In the Endocrinology Unit of the CTO Hospital (Rome, Italy), all patients with thyroid nodule(s) were evaluated by US during their clinical examination. After their initial assessment, the patients underwent laboratory tests (mainly TSH-reflex and calcitonin). The definition and FNAC indications followed the ACR TI-RADS classification by default. Additional FNACs have been performed according to other factors, such as operator-based indication or patient anxiety, as expected by the ACR TI-RADS white paper [10], or following indication presented by other health care providers (i.e., endocrinologists, surgeons, otorhinolaryngologists, nuclear medicine specialists, general practitioners), or in the absence of a specific indication from RSSs. Once FNAC was performed, the cytological smears were read and classified according to the Italian consensus [20]. The latter includes seven categories: inadequate (TIR1), cystic (TIR1C), not neoplastic (TIR2), low-risk (TIR3A), and high-risk (TIR3B) indeterminate lesion, suspicious of (TIR4), and consistent with (TIR5) malignancy. The patients were managed according to clinical, US, and FNAC data. All patients included signed the informed consent and privacy forms.

2.2. Case Selection

The study period was January 2021 to September 2022. From our outpatient database, patients who underwent both diagnostic workup for thyroid nodules and total or partial thyroidectomy were selected.

Inclusion criteria were: (I) Age >18 years; (II) detailed preoperative thyroid US examination performed by a skilled and experienced endocrinologist; (III) availability of data on thyroid autoimmunity; (IV) availability of a US-guided FNAC; (V) total or partial thyroidectomy performed in our Thyroid Surgery Unit; (VI) availability of a histological diagnosis in our pathology database. Exclusion criteria were: (I) having performed any of the aforementioned procedures in another clinical setting; (II) “hot nodules” on thyroid scintigraphy not submitted to FNAC.

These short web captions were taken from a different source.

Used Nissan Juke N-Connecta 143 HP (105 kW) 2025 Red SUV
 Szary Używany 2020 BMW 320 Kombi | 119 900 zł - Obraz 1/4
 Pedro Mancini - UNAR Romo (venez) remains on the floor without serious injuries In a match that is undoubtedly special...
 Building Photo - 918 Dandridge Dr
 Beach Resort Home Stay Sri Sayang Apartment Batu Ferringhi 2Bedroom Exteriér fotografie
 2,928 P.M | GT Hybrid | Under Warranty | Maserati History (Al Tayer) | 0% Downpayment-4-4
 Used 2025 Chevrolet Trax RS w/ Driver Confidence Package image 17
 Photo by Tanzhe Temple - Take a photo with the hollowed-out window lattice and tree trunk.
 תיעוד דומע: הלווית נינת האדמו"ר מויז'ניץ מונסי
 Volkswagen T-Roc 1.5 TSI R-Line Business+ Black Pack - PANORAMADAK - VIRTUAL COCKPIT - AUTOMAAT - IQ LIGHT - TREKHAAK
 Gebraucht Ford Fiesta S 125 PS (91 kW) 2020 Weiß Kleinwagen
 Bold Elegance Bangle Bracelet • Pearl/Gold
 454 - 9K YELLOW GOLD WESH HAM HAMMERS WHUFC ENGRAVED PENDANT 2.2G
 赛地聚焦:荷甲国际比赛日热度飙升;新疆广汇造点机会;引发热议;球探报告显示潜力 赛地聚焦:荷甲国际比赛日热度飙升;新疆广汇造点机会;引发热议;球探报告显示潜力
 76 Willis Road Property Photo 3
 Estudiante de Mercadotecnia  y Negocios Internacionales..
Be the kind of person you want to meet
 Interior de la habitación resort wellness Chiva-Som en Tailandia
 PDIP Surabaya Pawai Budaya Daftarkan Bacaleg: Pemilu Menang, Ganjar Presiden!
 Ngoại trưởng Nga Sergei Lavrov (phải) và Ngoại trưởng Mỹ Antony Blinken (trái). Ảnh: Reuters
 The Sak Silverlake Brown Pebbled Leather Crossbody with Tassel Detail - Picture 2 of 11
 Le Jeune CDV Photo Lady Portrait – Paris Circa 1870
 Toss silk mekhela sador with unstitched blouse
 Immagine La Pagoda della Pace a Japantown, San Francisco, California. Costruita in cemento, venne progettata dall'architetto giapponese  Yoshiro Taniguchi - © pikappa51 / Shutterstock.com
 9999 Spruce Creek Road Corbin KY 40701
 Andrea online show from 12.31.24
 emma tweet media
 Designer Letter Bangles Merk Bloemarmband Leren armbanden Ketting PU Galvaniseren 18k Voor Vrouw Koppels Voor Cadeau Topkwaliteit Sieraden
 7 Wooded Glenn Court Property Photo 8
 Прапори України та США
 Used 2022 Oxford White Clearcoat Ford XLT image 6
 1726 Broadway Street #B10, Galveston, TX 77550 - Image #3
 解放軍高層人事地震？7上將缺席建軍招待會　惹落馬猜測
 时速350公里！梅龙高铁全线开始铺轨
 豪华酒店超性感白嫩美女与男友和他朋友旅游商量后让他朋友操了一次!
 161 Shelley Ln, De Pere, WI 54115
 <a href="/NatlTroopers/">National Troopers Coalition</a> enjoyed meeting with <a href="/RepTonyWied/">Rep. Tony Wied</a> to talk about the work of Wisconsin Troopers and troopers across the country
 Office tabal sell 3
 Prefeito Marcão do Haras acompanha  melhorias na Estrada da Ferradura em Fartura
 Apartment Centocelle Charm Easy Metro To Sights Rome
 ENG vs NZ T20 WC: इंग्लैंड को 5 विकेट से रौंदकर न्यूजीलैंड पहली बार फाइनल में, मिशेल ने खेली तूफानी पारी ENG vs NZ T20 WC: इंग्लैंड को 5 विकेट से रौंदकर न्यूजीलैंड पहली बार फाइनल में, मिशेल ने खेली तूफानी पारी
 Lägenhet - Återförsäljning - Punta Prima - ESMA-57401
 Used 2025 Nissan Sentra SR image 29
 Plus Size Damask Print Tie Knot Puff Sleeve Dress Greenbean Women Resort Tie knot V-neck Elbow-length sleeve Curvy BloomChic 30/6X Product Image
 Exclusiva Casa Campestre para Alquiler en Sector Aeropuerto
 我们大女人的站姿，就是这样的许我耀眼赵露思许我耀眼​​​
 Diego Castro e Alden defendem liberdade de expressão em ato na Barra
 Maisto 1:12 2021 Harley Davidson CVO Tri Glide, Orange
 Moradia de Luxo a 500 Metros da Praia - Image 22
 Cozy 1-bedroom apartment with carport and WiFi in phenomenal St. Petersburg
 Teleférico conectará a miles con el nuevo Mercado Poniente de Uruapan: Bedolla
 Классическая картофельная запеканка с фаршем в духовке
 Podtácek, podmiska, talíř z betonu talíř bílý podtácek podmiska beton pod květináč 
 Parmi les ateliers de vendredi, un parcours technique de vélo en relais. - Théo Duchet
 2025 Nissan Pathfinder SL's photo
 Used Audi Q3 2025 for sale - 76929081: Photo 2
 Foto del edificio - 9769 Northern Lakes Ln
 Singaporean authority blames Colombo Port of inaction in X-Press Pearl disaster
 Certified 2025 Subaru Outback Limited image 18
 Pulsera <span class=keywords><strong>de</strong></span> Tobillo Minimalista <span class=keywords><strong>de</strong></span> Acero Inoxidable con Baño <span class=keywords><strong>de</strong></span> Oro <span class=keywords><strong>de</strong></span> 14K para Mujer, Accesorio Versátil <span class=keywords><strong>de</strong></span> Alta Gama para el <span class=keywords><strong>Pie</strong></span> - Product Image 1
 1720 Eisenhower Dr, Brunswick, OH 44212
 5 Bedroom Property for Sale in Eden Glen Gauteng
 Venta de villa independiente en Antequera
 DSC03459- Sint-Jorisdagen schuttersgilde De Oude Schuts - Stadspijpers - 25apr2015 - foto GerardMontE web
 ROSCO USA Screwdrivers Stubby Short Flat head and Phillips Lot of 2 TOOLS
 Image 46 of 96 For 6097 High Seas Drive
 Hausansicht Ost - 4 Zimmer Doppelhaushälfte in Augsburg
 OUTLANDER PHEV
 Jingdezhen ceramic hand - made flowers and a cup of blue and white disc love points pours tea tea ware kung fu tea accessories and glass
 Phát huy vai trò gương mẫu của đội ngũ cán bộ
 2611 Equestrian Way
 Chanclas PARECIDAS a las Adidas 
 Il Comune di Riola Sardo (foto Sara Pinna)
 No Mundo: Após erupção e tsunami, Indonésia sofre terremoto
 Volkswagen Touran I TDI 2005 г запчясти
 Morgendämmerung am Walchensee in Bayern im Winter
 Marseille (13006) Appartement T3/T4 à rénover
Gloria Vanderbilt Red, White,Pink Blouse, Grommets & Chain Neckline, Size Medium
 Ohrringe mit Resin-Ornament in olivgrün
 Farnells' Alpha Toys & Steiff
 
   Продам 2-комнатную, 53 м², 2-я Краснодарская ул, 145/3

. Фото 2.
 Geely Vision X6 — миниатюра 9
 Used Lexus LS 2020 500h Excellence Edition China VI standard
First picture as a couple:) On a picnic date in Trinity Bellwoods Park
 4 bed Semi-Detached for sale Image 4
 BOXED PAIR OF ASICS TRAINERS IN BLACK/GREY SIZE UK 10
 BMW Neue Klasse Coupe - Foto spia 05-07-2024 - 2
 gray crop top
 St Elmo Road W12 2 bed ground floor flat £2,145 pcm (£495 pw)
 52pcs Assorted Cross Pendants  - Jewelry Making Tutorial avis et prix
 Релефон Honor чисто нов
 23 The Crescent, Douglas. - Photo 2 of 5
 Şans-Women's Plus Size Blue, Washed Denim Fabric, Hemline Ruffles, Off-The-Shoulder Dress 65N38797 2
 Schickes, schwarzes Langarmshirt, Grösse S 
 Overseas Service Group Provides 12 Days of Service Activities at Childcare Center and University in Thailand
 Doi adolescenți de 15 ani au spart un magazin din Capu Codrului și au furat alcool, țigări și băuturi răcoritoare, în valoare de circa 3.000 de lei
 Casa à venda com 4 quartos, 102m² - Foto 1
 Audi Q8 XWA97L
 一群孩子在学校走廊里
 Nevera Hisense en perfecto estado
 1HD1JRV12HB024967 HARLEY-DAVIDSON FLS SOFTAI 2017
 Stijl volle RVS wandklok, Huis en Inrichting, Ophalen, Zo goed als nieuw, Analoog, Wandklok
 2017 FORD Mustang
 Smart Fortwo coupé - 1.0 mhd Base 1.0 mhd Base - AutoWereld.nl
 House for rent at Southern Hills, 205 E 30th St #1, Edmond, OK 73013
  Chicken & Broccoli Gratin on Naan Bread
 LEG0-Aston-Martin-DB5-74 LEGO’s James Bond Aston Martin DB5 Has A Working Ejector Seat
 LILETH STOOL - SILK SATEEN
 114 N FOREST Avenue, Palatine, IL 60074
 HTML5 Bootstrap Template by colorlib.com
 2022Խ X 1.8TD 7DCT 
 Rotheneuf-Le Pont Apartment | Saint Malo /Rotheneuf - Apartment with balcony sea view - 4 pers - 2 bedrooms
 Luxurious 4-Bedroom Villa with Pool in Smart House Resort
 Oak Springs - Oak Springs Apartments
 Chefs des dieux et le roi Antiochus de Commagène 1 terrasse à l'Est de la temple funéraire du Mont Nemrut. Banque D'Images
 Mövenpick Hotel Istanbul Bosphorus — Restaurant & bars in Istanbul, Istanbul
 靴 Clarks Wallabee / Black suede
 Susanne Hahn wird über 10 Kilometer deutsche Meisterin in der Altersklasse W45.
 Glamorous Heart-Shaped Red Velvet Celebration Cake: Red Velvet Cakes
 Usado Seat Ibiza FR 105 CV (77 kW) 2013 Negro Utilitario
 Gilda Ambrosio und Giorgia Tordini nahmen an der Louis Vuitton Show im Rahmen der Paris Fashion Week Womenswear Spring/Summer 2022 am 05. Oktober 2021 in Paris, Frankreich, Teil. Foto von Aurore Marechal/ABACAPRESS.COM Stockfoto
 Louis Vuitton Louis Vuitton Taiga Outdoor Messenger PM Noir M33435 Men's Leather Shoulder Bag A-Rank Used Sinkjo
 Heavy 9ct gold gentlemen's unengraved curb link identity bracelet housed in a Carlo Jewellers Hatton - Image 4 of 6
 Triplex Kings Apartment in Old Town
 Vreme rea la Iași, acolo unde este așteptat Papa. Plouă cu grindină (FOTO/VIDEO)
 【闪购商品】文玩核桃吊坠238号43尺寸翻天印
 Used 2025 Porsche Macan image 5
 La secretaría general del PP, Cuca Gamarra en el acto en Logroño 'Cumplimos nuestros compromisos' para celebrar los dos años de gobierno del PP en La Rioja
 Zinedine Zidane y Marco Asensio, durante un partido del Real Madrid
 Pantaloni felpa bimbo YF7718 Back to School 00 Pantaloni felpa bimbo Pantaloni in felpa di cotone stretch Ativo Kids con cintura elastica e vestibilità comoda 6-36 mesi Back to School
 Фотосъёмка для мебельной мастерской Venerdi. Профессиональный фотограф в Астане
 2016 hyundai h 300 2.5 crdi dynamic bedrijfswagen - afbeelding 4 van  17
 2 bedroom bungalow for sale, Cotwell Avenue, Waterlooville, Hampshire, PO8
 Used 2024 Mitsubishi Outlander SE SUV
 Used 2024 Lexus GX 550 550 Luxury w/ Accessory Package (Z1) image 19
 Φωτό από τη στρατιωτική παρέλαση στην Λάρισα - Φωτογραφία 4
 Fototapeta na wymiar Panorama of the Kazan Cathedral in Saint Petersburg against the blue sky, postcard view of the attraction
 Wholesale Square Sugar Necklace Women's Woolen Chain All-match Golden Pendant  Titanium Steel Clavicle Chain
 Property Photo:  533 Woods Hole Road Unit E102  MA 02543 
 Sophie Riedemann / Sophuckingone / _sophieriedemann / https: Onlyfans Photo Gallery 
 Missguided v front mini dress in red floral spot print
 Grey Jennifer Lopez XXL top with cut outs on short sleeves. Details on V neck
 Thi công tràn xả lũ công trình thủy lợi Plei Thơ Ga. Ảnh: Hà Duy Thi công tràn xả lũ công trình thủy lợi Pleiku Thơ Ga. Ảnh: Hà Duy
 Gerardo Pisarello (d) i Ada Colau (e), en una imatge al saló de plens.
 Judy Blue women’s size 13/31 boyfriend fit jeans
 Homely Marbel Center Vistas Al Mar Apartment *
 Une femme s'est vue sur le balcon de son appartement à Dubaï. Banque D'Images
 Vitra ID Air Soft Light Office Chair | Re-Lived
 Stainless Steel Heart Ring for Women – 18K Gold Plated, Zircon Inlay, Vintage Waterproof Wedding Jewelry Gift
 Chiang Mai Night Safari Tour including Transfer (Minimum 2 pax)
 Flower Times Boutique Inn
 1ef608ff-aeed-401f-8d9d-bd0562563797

2.3. Measures and Reference Standard

The measures to analyze the reliability of ACR TI-RADS were the following: (1) rate of malignancy (ROM) using histological examination; (2) risk of neoplasm (RON) using FNAC reports. ROM was calculated according to the histological diagnosis of malignancy. RON was defined as negative (−ve) in the presence of the FNAC report as TIR1C and TIR2, and positive (+ve) in the presence of TIR3B, TIR4, and TIR5. Histological examination was the gold standard. In the absence of histology, cytological diagnosis was used as reference to Italian Consensus [20].

2.4. Statistical Analysis

All statistical analyses were performed using SPSS software. A p-value of <0.05 was taken to indicate a significant difference. Continuous variables are expressed as mean ± standard deviation or as median and interquartile ranges (IQR), when appropriate. Qualitative data are expressed as frequencies. Frequencies were compared by χ²-test.

3. Results

The demographic and clinical characteristics of the study series are summarised in Table 1. The median age was 58 years, with 80% of patients being women and 10% showing positive thyroid autoimmunity. The median of the largest diameter of the nodules was 15 mm. The distribution of nodules according to ACR TI-RADS showed that TR3 and TR4 had a higher frequency.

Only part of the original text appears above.